FEAR STREET trilogy movie poster | ©2021 Netflix

FEAR STREET trilogy movie poster | ©2021 Netflix

Rating: R
Stars: Kiana Madeira, Olivia Scott Welch, Benjamin Flores Jr., Julia Rehwald, Fred Hechinger, Ashley Zukerman, Darrell Britt-Gibson, Maya Hawke, Jordana Spiro, Jordyn DiNatale
Writers: Phil Graziadei & Leigh Janiak, story by Kyle Killen and Phil Graziadei & Leigh Janiak, based on the FEAR STREET books by R.L. Stine
Director: Leigh Janiak
Distributor: Netflix
Release Date: July 2, 2021

FEAR STREET PART 1: 1994 is the first in a trilogy of interlinked films based on R.L. Stine’s FEAR STREET novels. These are being released by Netflix in quick succession – FEAR STREET PART 2: 1978 arrives July 9, and FEAR STREET PART 3: 1666 is set for July 16.

Stine is considered a YA author, and the FEAR STREET books are likewise YA. FEAR STREET PART 1: 1994 is hard-R supernatural slasher horror, yet director Leigh Janiak and her co-writer Phil Graziadei (working from a story they crafted with Kyle Killen) conscientiously keep the YA roots showing.

FEAR STREET PART 1: 1994 movie poster | ©2021 Netflix

FEAR STREET PART 1: 1994 movie poster | ©2021 Netflix

This of course prompts the question of what makes something YA. In FEAR STREET PART 1, at least, it’s not just that the main characters are all high school students. In contrast to more adult horror, the kids haven’t lost either their idealism or their basic comprehension of sensible behavior. They are continually proactive, even when some ideas don’t work, and they feel a natural sense of responsibility towards one another. This is all pretty refreshing, and it doesn’t get in the way of the gore and jumps.

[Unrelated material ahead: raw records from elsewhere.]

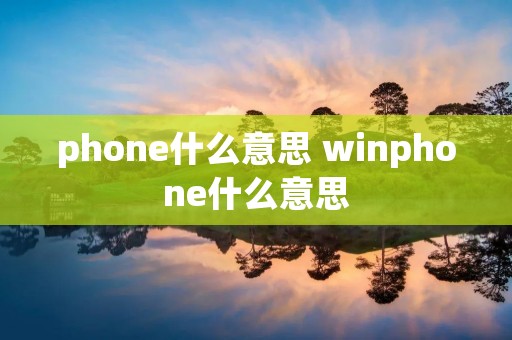 phone什么意思 winphone什么意思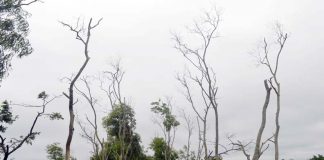 উপকূলে পাতাবিহীন গাছের সারি, মরে যাওয়ার উপক্রম
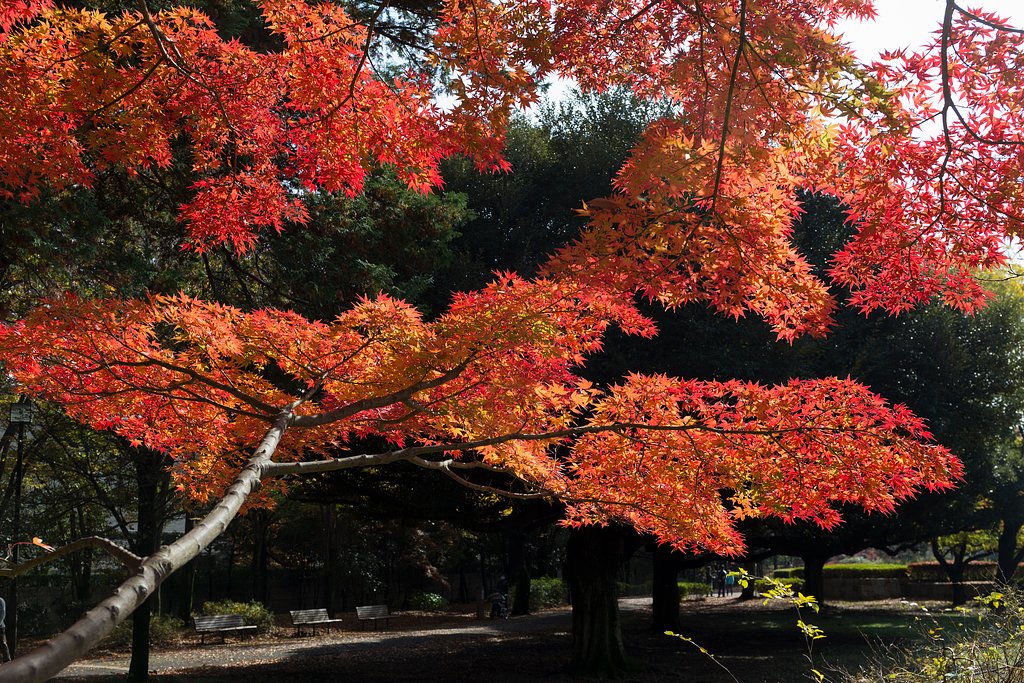 EF24-70mm F4 L IS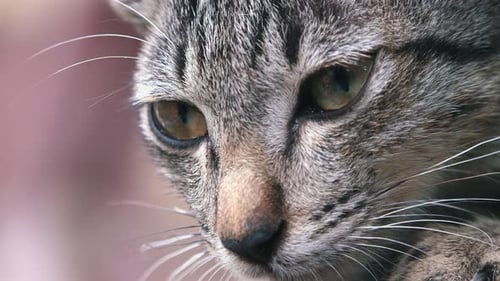 Close Shot of a Sleepy Looking Cat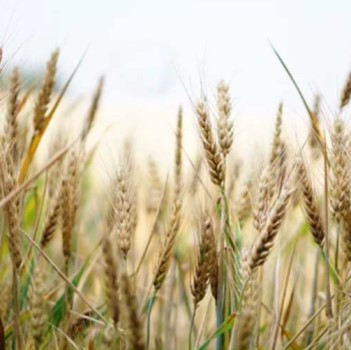 Agriculture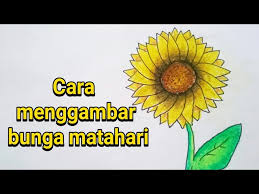 Gambar inilah 9 gambar bunga matahari hitam putih untuk diwarnai. Contoh Gambar Cara Mewarnai Bunga Matahari Kataucap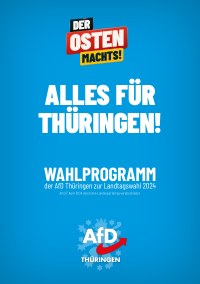 AfD Thüringen Wahlprogramm 2024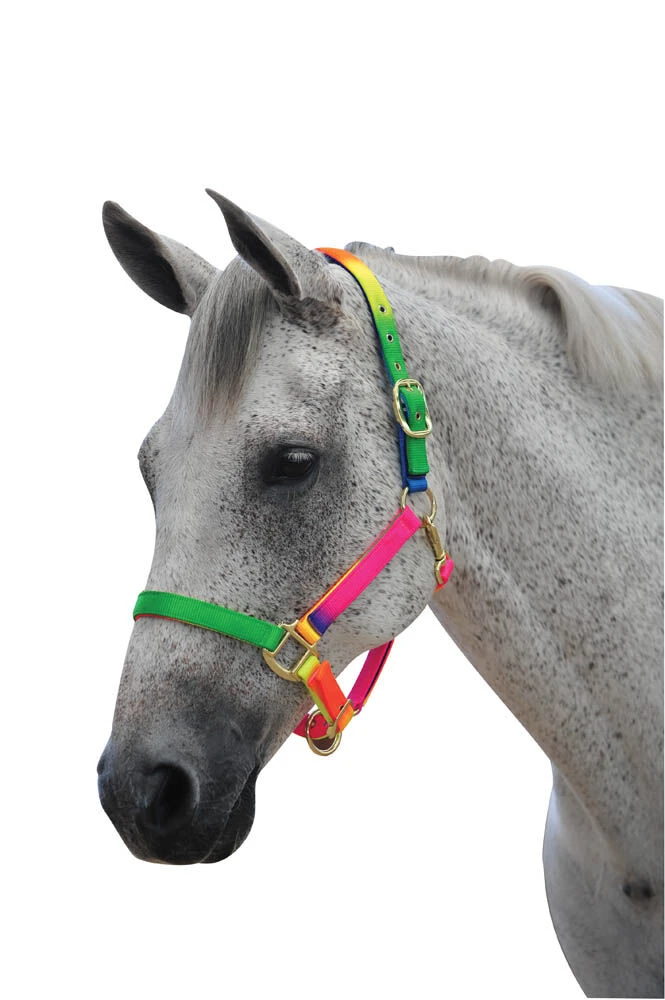 Rainbow Headcollar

We’re in Shadyside, a middle-class suburban town that has had way more than its share of homicidal maniacs on murder sprees over the centuries. The townsfolk have even dubbed their burg “Killer Capital U.S.A.” Oddly, nearby more upscale Sunnyvale has known nothing but peace and prosperity over the same time span.

An opener puts us in Shadyside’s wonderfully 1994-appropriate mall. (Those who remember the excellent bookstore chain referenced here may well up in nostalgia.) We get a kill that’s part SCREAM and part FRIDAY THE 13th, with the suggestion that there’s more going on here than meets the eye.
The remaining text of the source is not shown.